As we enjoy blessings and our businesses prosper – remind yourself that making profit is not an end in itself. It is simply a “vital sign” that your business is alive. Now you can get on with the living itself – blessing others with what God has blessed you.

Running a business

So, how do we marry up our kingdom outlook with daily business needs?

First, and sorry to bang on - but do not lose sight of the profit imperative! Without profits you are seriously constrained in what you can do (at an organisational level) to express your faith or outwork your call or help people.

Second, remember that life is a series of moments. John Lennon said that, “Life is what happens while you’re busy making other plans.” No matter what we do for a business, we all still have to get up every morning, put our work clothes on, kiss the wife or husband goodbye, drive to work and go about our day.

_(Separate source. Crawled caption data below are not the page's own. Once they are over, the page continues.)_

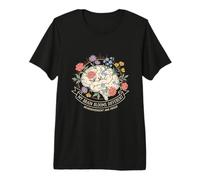 Mi Cerebro florece en Diferentes Adultos neurodivergentes Camiseta Premium
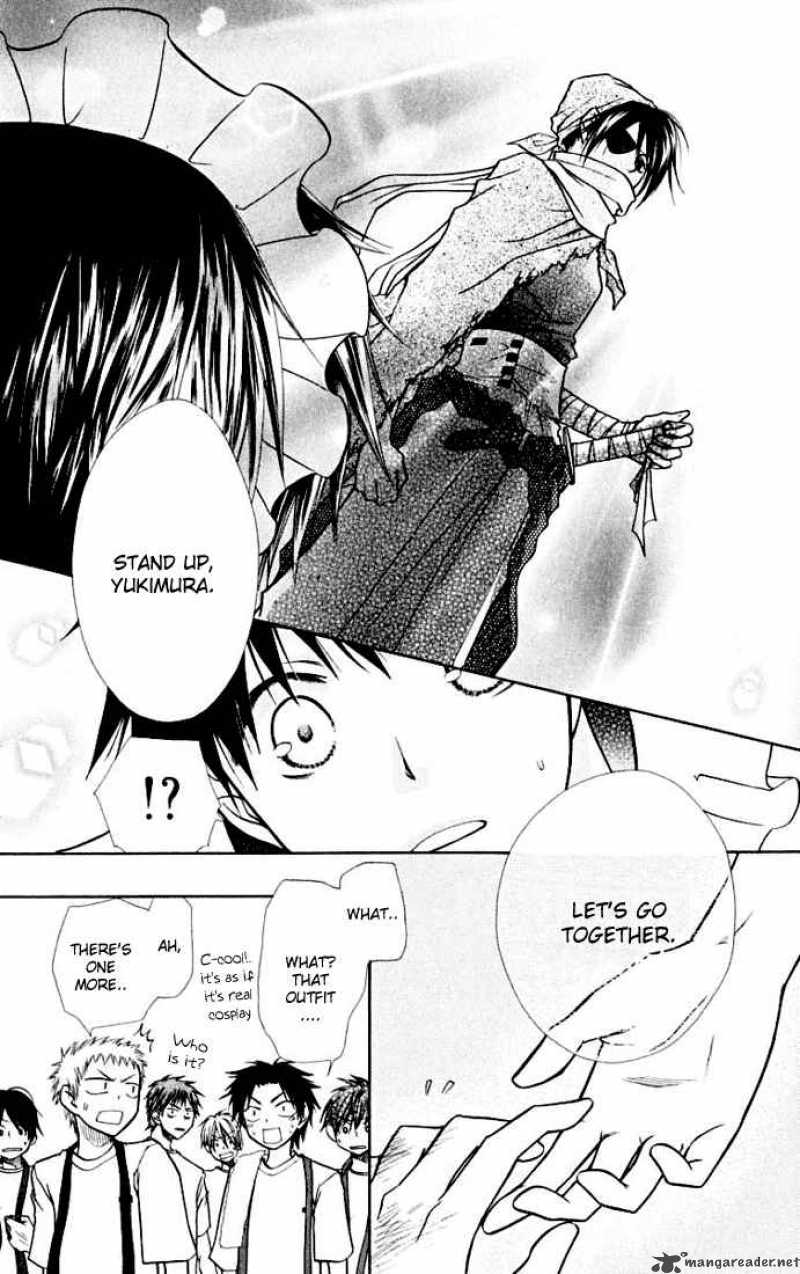 Kaichou Wa Maid Sama 10 30
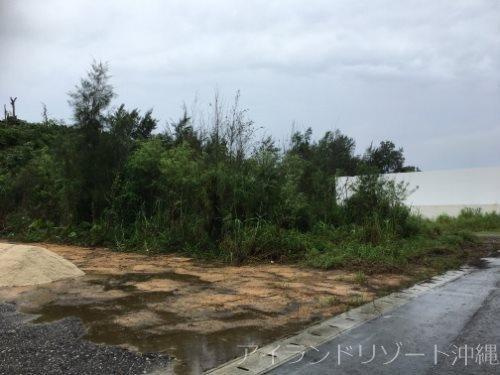 名護市屋我　オーシャンフロント　売地のその他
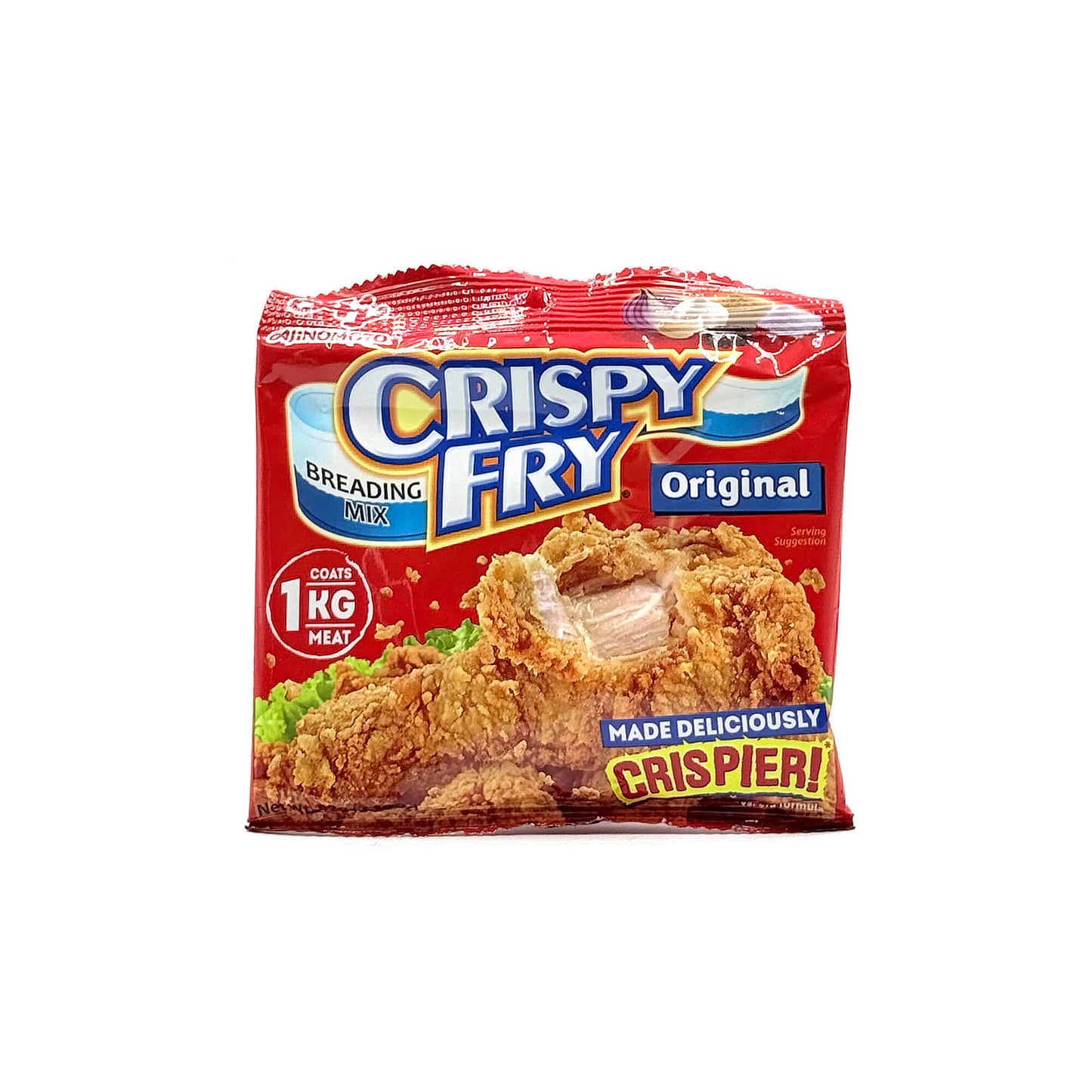 AJ | Crispy Fry Breading Mix Original | 62g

It is all well and good having a clever strategic plan and 5-year plan and vision statement and mission statement and the rest of it. And these things are all very good – in fact, imperative for a business with any aspiration at all.

Jesus went on a journey to Jerusalem. You might call it his strategic goal or mission. Yet along the way life happened – we know that he healed two men just out of Jericho, he met the Samaritan woman by the well and told her of her own life, and he told many parables.

It is safe to assume, too, that over the days the journey may have taken that everyday life happened. They ate, they walked, they talked. And in each of those moments there was an opportunity to express faith and build a little of God’s kingdom.

And each of these things may have been perceived as a distraction from the mission, whereas in fact they were the very fabric of the bigger mission of life.

“People Matter” is Blue Barn’s core value. How this works out in practice is in every moment of every day. We deal with clients and staff and partners and suppliers all day every day and we do our very best to ensure we treat all people with respect and dignity – remembering that we have to face our maker in the end.

Does this mean we are “soft”? Nup. Remember the first rule? If making profits is our oxygen, sometimes there are hard conversations with clients about extra payments for extra work requested; or with suppliers to drive down our costs; or with staff who didn’t get the desk space they wanted or salary increases they thought they deserved. Or, sometimes, layoffs because work has dried up.

But always, in the midst of this, we remember that God is above all and that He loves people. And we need to too.

Thirdly, get to church – recalibrate.

It is pretty tough out there sometimes. As business leaders we are being called on every day to make judgments often affecting real people and families and often in areas of grey. We need wisdom and courage in large doses to discharge our duty well before God and before men.

And it is very easy to lose our way. We are often surrounded by worldly thought and practice and this can innoculate us against God’s higher ways. Some practices that are not good can become quite normalised in our minds by the constant exposure.

The only antidote to this that I know is regular church attendance. And by regular I mean weekly. It is good for the soul to get to the end of a bruising week with difficult staff or losses on the P&L and sing praises to God that declare his provision in all things or hear a message of truth to counter the lies that may have confused you over the week.

I think of it as a recalibration. And of course it is good for us all, not just business people. I do know, however, how very essential it has been for me to keep me pointing north.

Fourth, seek counsel. And not always from church folk – although they can be helpful. Find the very best advice you can.

One thing I have observed is that successful, sustainable business usually follows some pretty biblical principles: expect profit (like the men with their talents) and if you do not get it from one area of the business cut it off (like the unfruitful branch); sowing and reaping; a soft answer turns away wrath; listen carefully, speak slowly; adopt a servant’s heart in your business …

It can be quite humbling really – there are many very good businesses out there without a shred of faith at their core outworking these kinds of principles very successfully because they work.